### WHAT IS EXPECTED
What the response needs is every record, repeated verbatim, and no images.

### EXTRACTED DATA
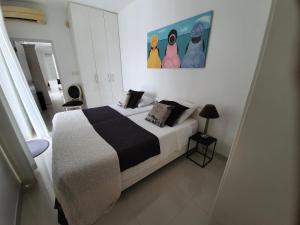 Postelja oz. postelje v sobi nastanitve C APARTMENT at JAN THIEL Curacao
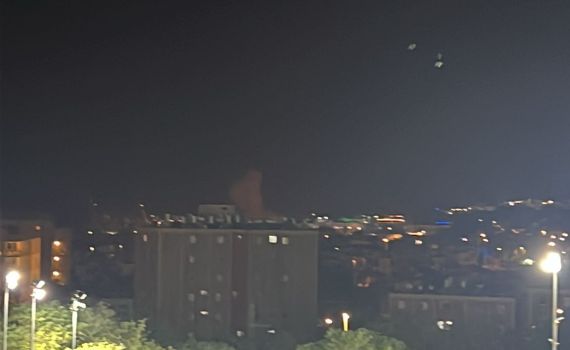 אזעקות באילת: 2 כטב"מים יורטו, פצועים מפגיעת רסיסים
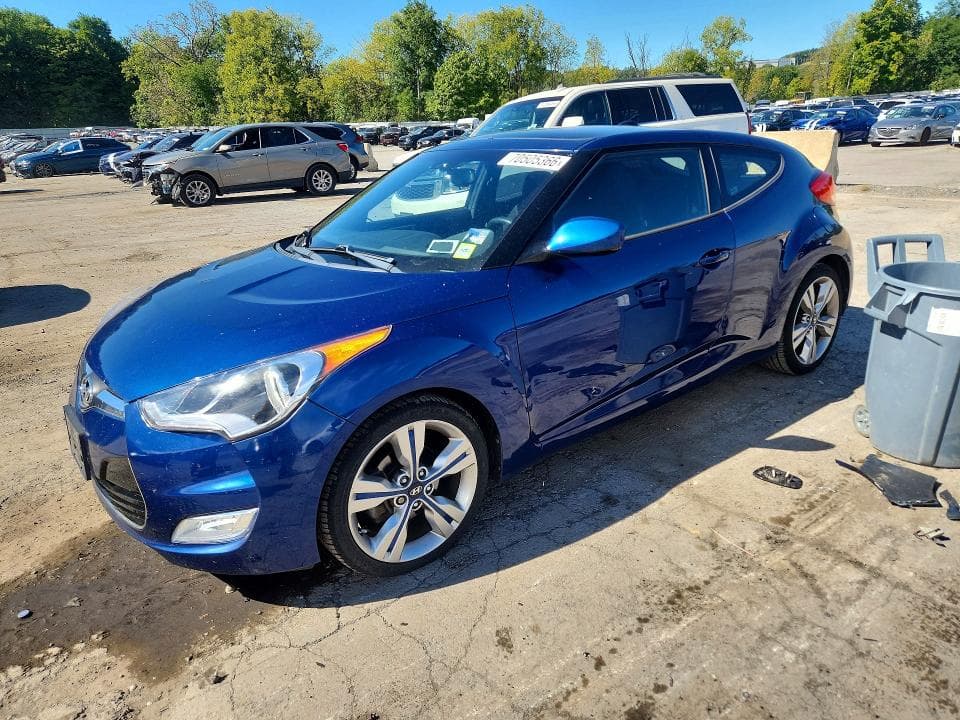 2017 HYUNDAI VELOSTER VALUE EDITION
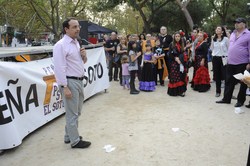 Merienda solidaria por CARITAS 7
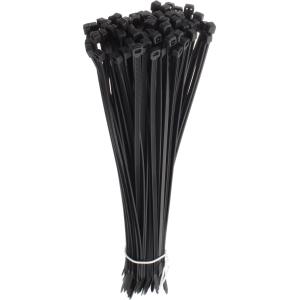 Стяжка кабеля 250*3.6мм Navigator, нейлоновая, черная, 100 штук
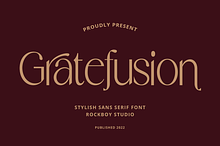 Gratefusion - Modern Stylish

### ANSWER TO THE EXERCISE
 Postelja oz. postelje v sobi nastanitve C APARTMENT at JAN THIEL Curacao
 אזעקות באילת: 2 כטב"מים יורטו, פצועים מפגיעת רסיסים
 2017 HYUNDAI VELOSTER VALUE EDITION
 Merienda solidaria por CARITAS 7
 Стяжка кабеля 250*3.6мм Navigator, нейлоновая, черная, 100 штук
 Gratefusion - Modern Stylish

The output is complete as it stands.